In April 2014, the Borough of Hillsdale (Bergen County) agreed to pay $42,500 to its Construction and Building Subcode Official who sued the Borough and Borough Administrator Jonathan DeJoseph for discriminating against her because of her gender and for having reported the Borough’s violations of State rules concerning proper use of construction permit fees.
In her suit, Michelle E. Wood said that in 2002 she and the Borough, due to budgetary issues, to cut her salary by $24,000, with a corresponding reduction in hours, provided that the Borough continue to provide her with a full time vehicle and health benefits. Wood claimed that the Borough was aware that she would be working part time in Saddle River to make up for the $24,000 salary reduction and would be using her Borough car for her Saddle River work.

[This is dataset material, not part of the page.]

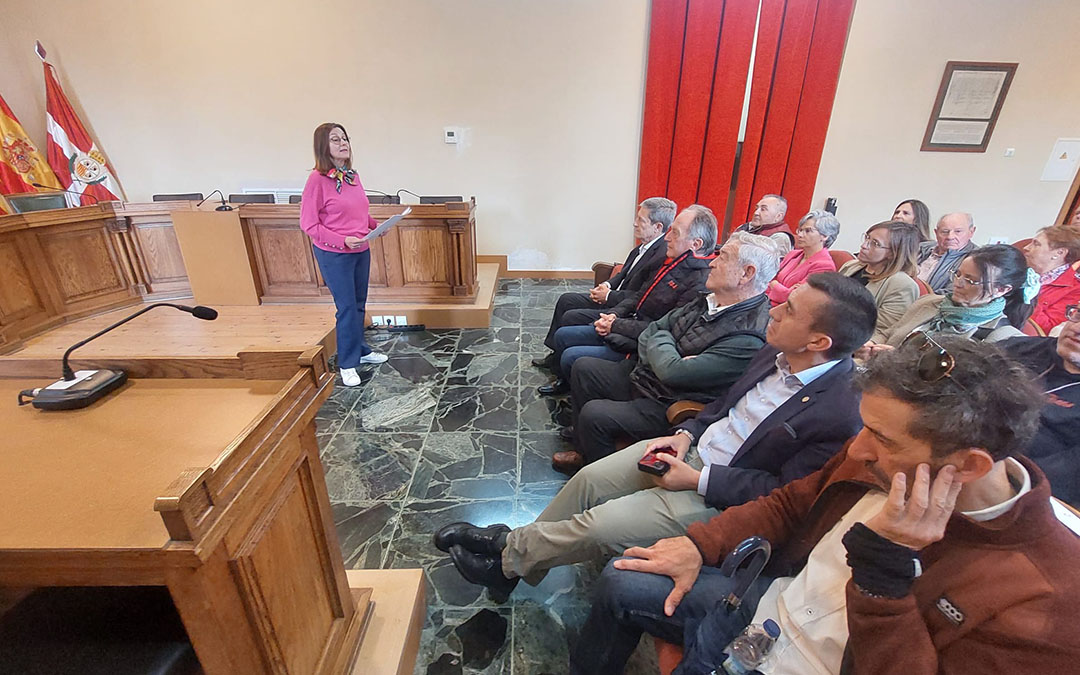 La alcaldesa, Ana Jarque, ha dado la bienvenida a los asistentes./ J.L.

Some years later, Wood claimed to have raised issues of Construction Code violations at the Pascack Valley High School as well as “improper use of Uniform Construction Code (UCC) fees for payment of salaries of” Zoning, Property Maintenance and Fire Prevention employees. According to Wood, “the use of UCC funds is strictly limited to the Construction Department in accordance with N.J.A.C. 5:23-4.17 of the New Jersey Uniform Construction Code.”

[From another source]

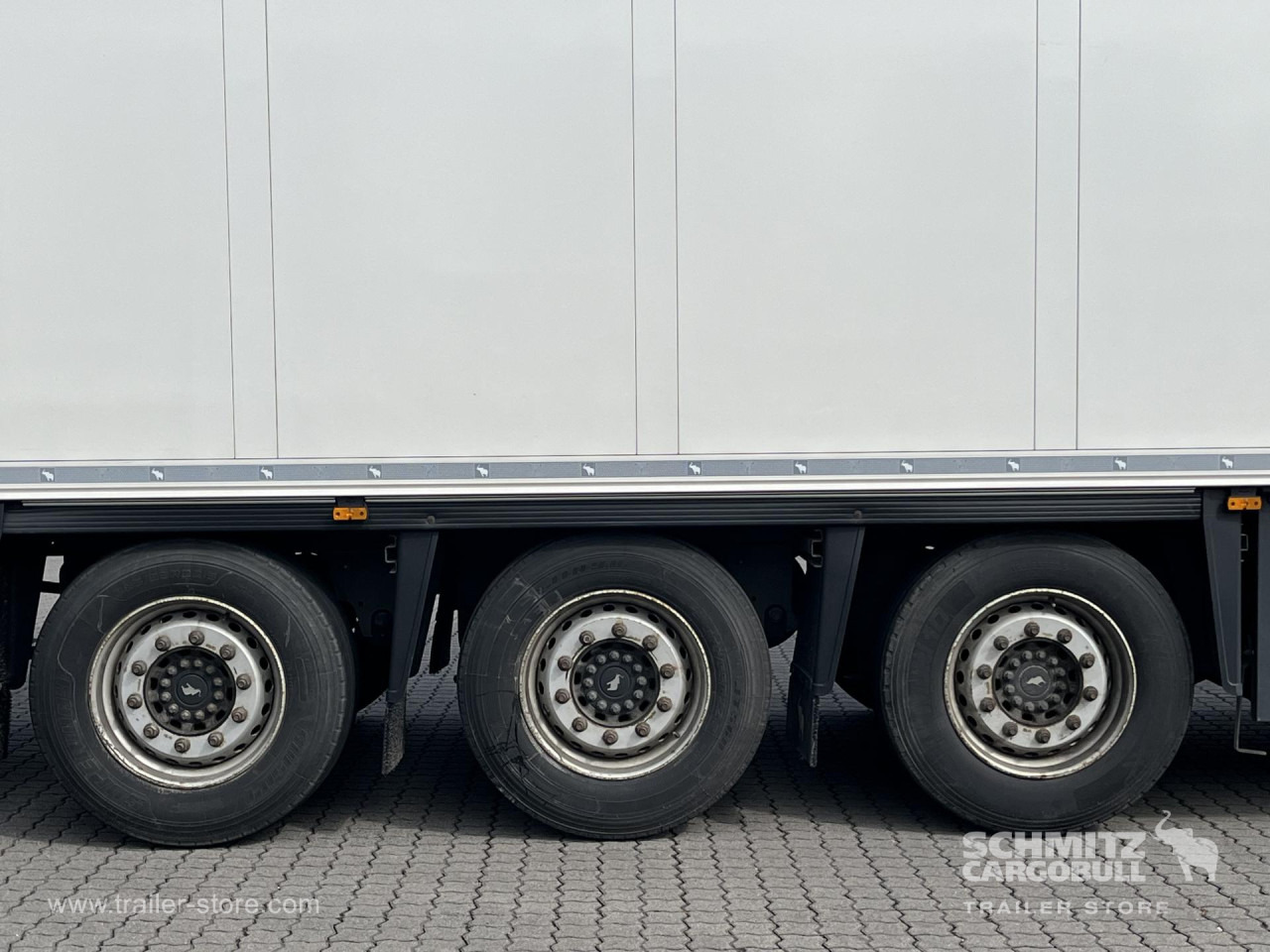 SCHMITZ Auflieger Tiefkühler Multitemp - Isothermal semi-trailer: picture 3 SCHMITZ Auflieger Tiefkühler Multitemp - Isothermal semi-trailer: picture 3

In 2011, Wood alleged that she reported that Mayor Max Arnowitz violated the International Residential Code at his home. Specifically, Wood claimed that Mayor Arnowitz had failed to install the required guard/handrail when he had replaced his from entry steps. She also reported that DeJoseph had violated the UCC by directing DPW officials to do work at Borough Hall without the proper permits.

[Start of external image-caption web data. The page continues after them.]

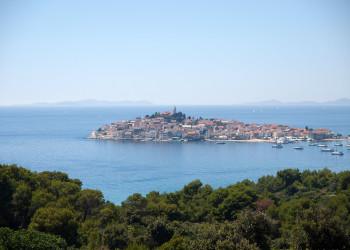 Море в Примоштен, Хорватия – фотографии Хорватии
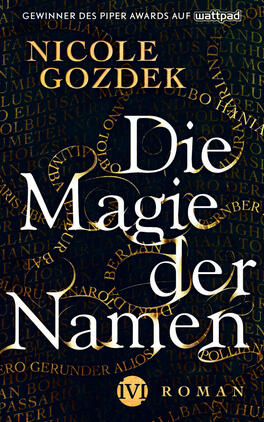 Das Buchcover zeigt einen dunklen Hintergrund, auf dem zahlreiche Wörter und Buchstaben in Gold und verschiedenen Schriftarten angeordnet sind. Im Vordergrund steht der Titel „Die Magie der Namen“ in einer eleganten, geschwungenen Schrift, ebenfalls in Gold. Oberhalb des Titels befindet sich der Name der Autorin, Nicole Gozdek, in einer schlichten, klaren Typografie. Unten ist der Vermerk „IVI ROMAN“ platziert. Die Atmosphäre des Covers vermittelt eine mystische und fesselnde Stimmung.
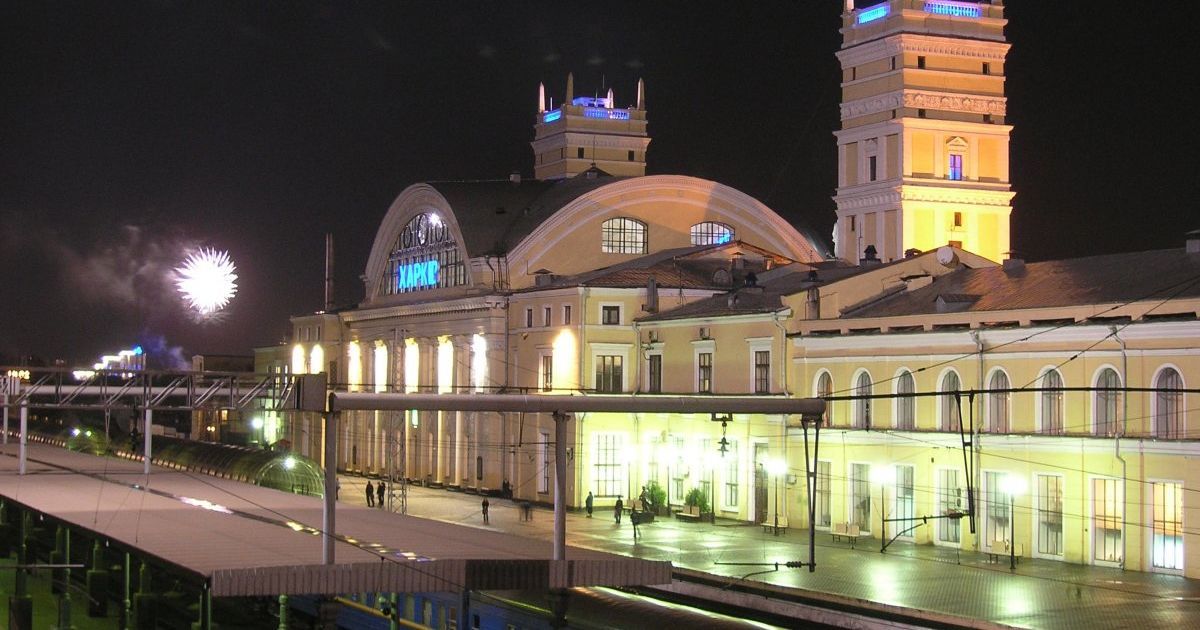 У Харкові евакуювали залізничний вокзал, поліція шукає вибухівку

These actions, Wood contented, caused the Borough to retaliate against her. Specifically, she claimed that Arnowitz and DeJoseph, at an April 27, 2012 meeting, decided to strip her of her healthcare benefits and Borough vehicle. During an August 2, 2012 meeting with DeJoseph and Borough Clerk Susan Witkowski, Wood claimed that she was told that “if she failed to leave the car at the office that day, she was being insubordinate.” She claimed that she ultimately received a letter charging her with insubordination.
The case is captioned Wood v. Borough of Hillsdale, New Jersey Superior Court Docket No. BER-L-9234-12 and Wood’s attorney was Joseph J. Bell of Rockaway. Case documents are on-line here.
None of Wood’s allegations have been proven or disproven in court. The settlement agreement resolution expressly states that the $42,500 payment does not constitute an admission of wrongdoing by Hillsdale or any of its officials. All that is known for sure is that Hillsdale or its insurer, for whatever reason, decided that it would rather pay Wood $42,500 than take the matter to trial. Perhaps the defendants’ decision to settle was done to save further legal expense and the costs of trying what were in fact exaggerated or meritless claims. Or, perhaps the claims were true and the defendants wanted to avoid being embarrassed at trial. This is the problem when cases settle before trial–it is impossible to know the truth of what really happened.